ABSTRACT
Colon cancer is the third leading cause of cancer deaths in Jamaica. Unique features may exist in this predominantly black population that impact management. Additionally, there is rationalization of some resources that may impose restrictions on the widespread applicability of some international guidelines. We have developed here guidelines that are consistent with the best available evidence and which are appropriate to use in our local context.
Screening: We recommend that screening should start at age 45 for the average risk patient and may take the form of yearly stool testing (three serial samples) followed by colonoscopy where positive. Endoscopic evaluation with flexible sigmoidoscopy every five years in combination with stool testing, or colonoscopy every 10 years are all acceptable options. Computed tomography (CT) colonography every five years is especially useful in some patients.
Staging: Staging patients by CT scan of the chest, abdomen and pelvis is desirable. Other options may be used but are of inferior accuracy. Magnetic resonance imaging (MRI) for staging is acceptable where CT contrast reactions exist. Rectal cancer requires additional local staging by MRI or the less desirable transrectal ultrasound. Positron emission tomography/computed tomography (PET/CT) has limited role in confirming or localizing metastatic disease.
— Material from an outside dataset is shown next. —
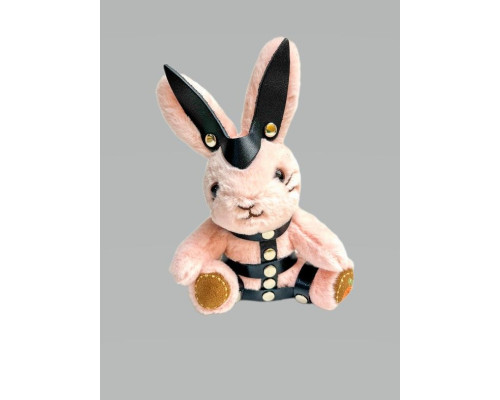 Брелок в виде зайчика в портупее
Surgery: Oncologic outcomes are the same with open and laparoscopic approaches, however, patient postoperative mobilization and cosmetic outcomes are better with the laparoscopic approach. The required advanced minimally invasive surgical skills are not universally available. Extent of resection is determined based on curative versus palliative intent and tumour location in relation to vascular supply. Total mesorectal or mesocolon resections are desirable. Stapled anastomoses may be advantageous over hand sewn but suffer from reduced availability and increased cost of stapling devices.
Metastases: Patients with metastatic disease are best managed by multidisciplinary teams with a view to neoadjuvant chemotherapy, multi-visceral resection and intraperitoneal chemotherapy. Pathological Assessment: Apart from tumour confirmation the pathologist assists with quality control (eg regional lymph node harvest) and suggestions on genetic and histochemical testing. Better clinical information and specimen orientation would assist the pathologist in providing clearer guidance. Ideally, fresh specimens should be received/ retrieved but this may be impossible in most institutions. A pathology reporting checklist is strongly advised in order to achieve standardization.
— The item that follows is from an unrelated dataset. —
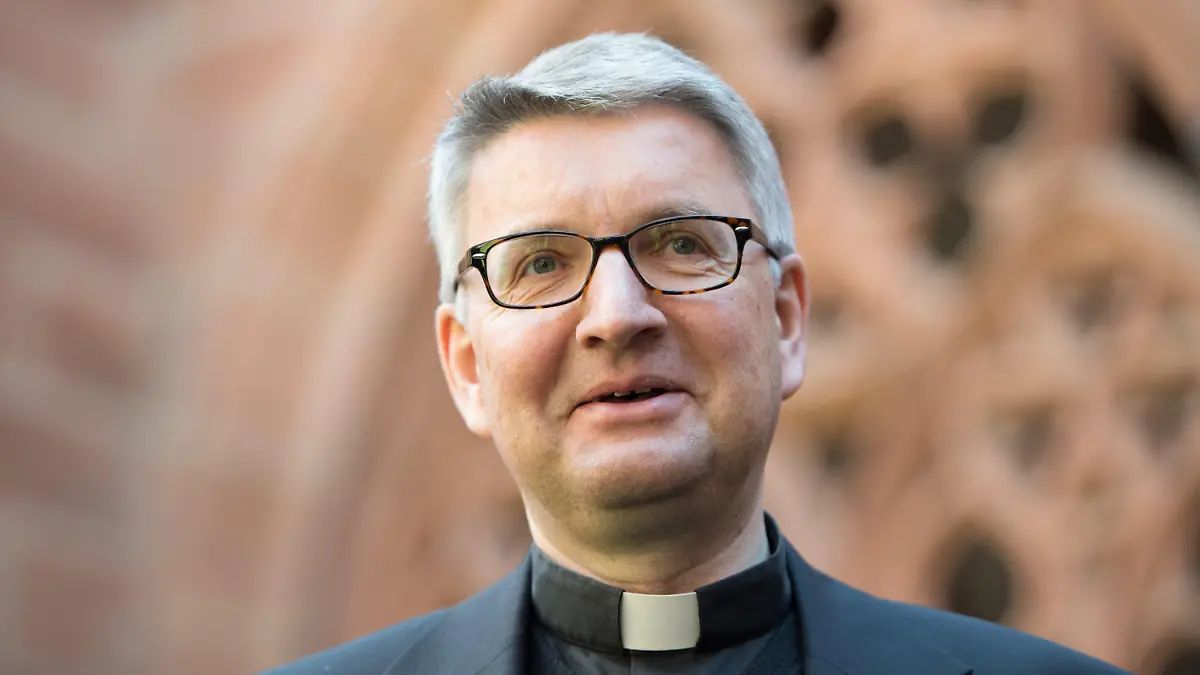 ARCHIV - 18.04.2017, Rheinland-Pfalz, Mainz: Der Mainzer Bischof Peter Kohlgraf steht vor dem Dom. Nach Ansicht von Kohlgraf muss der Zölibat in Zukunft nicht mehr der einzige Weg sein, um katholischer Priester zu werden. (zu dpa «Kohlgraf: Predigten durch Nichtgeweihte ein «Knackpunkt»») Foto: Arne Dedert/dpa +++ dpa-Bildfunk +++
Adjuvant Therapy: Stage 1 and low risk Stage 2 disease patients are generally not offered adjuvant chemotherapy. Patients with Stage 4 disease should be tested for mutations in the KRAS and NRAS gene and offered EGFR agents like cetuximab and pantuximab.
Surveillance for survivors: No internationally agreed guidelines exist. We suggest the following for average risk patients managed with curative intent: Every six months for five years, patients should have clinical evaluation, carcinoembryonic antigen (CEA) [if indicated] and CT scans of the chest, abdomen and pelvis. Other modalities like abdominal ultrasound and chest X-ray may substitute if CT is unavailable. A colonoscopy should be done one year after surgery and then every five years. Surveillance for high-risk patients would be different. The Management Flowchart in Appendix 1 captures this summary.